Mir

Intermittent hang in ClientPidTestFixture.authorizer_may_prevent_connection_of_clients test

Bug #1201436 reported by Alexandros Frantzis
28
This bug affects 3 people
Affects Status Importance Assigned to Milestone
Mir
Fix Released
High
Alexandros Frantzis
mir (Ubuntu)
High
Alexandros Frantzis

Bug Description

I noticed some Intermittent hangs in the ClientPidTestFixture.authorizer_may_prevent_connection_of_clients tests. They are present on both Android and the desktop, although they are much more easily reproducible on an Android device. Run each test with --gtest_repeat=N to catch this (and even then may need multiple runs).

Related branches

Revision history for this message
kevin gunn (kgunn72) wrote :

this should be fixed for 13.10

Changed in mir:
importance: Undecided → High
importance: High → Critical
status: New → Triaged
Revision history for this message
Robert Carr (robertcarr) wrote :

I'll investigate!

Changed in mir:
assignee: nobody → Robert Carr (robertcarr)
Revision history for this message
Robert Carr (robertcarr) wrote :

I bet the solution to this is contained in client-focus-notifications. Let's see though.

Changed in mir:
importance: Critical → High
Revision history for this message
Alan Griffiths (alan-griffiths) wrote :

Problem analysis:

In mir_default_connect() we call connection->connect() which sets up a callback to connection::connected() (and then to the client callback).

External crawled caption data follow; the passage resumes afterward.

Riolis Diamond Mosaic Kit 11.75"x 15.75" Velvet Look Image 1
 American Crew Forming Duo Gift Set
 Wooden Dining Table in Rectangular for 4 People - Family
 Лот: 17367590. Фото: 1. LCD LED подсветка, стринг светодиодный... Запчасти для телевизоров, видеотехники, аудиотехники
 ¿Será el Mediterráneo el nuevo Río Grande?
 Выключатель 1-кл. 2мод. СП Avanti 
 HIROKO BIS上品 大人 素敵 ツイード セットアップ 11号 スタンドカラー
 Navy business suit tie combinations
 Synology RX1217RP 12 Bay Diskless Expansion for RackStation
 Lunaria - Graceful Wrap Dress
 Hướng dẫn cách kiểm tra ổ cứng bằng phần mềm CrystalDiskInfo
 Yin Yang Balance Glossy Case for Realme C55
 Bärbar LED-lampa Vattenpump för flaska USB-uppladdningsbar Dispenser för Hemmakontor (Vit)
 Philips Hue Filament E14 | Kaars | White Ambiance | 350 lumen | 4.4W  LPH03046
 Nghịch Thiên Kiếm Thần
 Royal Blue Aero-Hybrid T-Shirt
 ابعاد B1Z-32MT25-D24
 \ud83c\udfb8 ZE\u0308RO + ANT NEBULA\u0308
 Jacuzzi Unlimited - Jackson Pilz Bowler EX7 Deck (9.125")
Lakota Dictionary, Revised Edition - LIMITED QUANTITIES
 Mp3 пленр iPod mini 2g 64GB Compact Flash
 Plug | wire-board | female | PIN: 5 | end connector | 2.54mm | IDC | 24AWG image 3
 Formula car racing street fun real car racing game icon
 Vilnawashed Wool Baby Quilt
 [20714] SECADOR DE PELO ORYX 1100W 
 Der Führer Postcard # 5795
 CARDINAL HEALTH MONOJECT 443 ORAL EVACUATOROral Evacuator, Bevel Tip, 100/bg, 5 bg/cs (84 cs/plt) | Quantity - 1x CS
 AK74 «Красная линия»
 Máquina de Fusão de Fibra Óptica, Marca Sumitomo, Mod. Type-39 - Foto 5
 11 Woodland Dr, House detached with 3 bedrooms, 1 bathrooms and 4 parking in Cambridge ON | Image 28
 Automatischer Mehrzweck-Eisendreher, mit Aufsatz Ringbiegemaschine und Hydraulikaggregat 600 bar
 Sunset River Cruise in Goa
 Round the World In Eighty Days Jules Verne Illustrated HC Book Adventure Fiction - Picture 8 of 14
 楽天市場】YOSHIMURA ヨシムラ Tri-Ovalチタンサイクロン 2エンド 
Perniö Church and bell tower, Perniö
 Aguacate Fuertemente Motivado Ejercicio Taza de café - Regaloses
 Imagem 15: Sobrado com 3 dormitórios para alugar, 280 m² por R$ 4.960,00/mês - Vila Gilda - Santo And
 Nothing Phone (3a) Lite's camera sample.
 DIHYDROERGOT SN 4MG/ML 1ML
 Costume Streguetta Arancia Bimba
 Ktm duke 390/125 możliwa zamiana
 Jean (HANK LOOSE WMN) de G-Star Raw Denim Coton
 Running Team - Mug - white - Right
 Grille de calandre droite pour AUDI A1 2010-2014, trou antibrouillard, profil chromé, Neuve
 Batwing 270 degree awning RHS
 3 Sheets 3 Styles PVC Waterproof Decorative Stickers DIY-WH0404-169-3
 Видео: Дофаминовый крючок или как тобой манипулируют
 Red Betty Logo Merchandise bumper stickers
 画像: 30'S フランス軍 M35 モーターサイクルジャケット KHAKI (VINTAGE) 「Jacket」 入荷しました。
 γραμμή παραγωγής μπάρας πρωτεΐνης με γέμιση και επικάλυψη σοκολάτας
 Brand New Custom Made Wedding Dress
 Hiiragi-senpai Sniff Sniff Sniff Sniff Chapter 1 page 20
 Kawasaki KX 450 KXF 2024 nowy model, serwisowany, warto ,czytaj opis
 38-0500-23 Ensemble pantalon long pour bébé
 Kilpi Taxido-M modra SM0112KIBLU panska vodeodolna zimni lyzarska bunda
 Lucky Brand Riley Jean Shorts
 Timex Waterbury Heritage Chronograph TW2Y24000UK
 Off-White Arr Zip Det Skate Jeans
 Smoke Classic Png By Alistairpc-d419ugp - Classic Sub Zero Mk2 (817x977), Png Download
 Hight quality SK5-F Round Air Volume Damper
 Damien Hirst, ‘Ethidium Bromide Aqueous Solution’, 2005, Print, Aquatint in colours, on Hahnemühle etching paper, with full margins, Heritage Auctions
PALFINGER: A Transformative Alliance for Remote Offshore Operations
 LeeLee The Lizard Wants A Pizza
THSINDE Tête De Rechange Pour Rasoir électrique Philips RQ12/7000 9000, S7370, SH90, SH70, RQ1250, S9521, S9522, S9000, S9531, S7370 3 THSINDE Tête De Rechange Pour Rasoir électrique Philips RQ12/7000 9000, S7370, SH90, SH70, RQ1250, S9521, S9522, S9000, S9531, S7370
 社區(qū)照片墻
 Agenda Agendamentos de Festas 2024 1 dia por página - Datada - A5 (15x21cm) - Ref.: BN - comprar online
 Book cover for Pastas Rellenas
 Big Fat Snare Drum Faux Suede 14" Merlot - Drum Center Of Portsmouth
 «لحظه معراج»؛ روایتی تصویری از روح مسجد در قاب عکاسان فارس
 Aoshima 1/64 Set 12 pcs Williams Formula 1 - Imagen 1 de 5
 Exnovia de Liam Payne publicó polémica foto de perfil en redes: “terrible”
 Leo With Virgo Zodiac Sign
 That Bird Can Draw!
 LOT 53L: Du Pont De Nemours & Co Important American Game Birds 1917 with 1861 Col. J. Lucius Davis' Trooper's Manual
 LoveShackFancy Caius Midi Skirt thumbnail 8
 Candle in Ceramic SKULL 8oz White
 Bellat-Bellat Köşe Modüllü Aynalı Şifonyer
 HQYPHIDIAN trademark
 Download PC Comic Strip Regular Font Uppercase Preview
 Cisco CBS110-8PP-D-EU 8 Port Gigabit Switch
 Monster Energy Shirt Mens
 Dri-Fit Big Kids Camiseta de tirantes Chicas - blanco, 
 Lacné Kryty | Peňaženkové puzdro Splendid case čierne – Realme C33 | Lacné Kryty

Having done this the function can propagate an exception caught in mir_default_connect() - where a different connection object is created and returned to the client.

This means that there is nothing to stop the client continuing to a point where the above mentioned callback touches obsolete objects (e.g. the client "context") because the client code is syncing against the second connection object.

So, occasionally, the callback occurs after the test teardown starts - and chaos ensues.

Changed in mir:
assignee: Robert Carr (robertcarr) → Alan Griffiths (alan-griffiths)
Changed in mir:
status: Triaged → In Progress
Revision history for this message
PS Jenkins bot (ps-jenkins) wrote :

Fix committed into lp:~mir-team/mir/development-branch at revision None, scheduled for release in mir, milestone Unknown

Changed in mir:
status: In Progress → Fix Committed
Changed in mir:
milestone: none → phone-v1-freeze
Revision history for this message
Daniel van Vugt (vanvugt) wrote :

Reopened. I'm still getting this with the latest development-branch today;

[ RUN ] ClientPidTestFixture.authorizer_may_prevent_connection_of_clients
unknown file: Failure
C++ exception with description "Timeout while waiting for child to change state" thrown in TearDown().
[ FAILED ] ClientPidTestFixture.authorizer_may_prevent_connection_of_clients (60006 ms)

Changed in mir:
status: Fix Committed → Triaged
assignee: Alan Griffiths (alan-griffiths) → nobody
tags: added: testsfail
Changed in mir:
milestone: phone-v1-freeze → 0.0.17
Changed in mir:
assignee: nobody → Alexandros Frantzis (afrantzis)
Changed in mir:
status: Triaged → In Progress
Revision history for this message
Alexandros Frantzis (afrantzis) wrote :

Problem analysis for new issue:

When a client connection is rejected by the server, the connection is closed. Depending on the timing, the client will detect the connection break either while sending the request to the server, or when it is trying to read back the response.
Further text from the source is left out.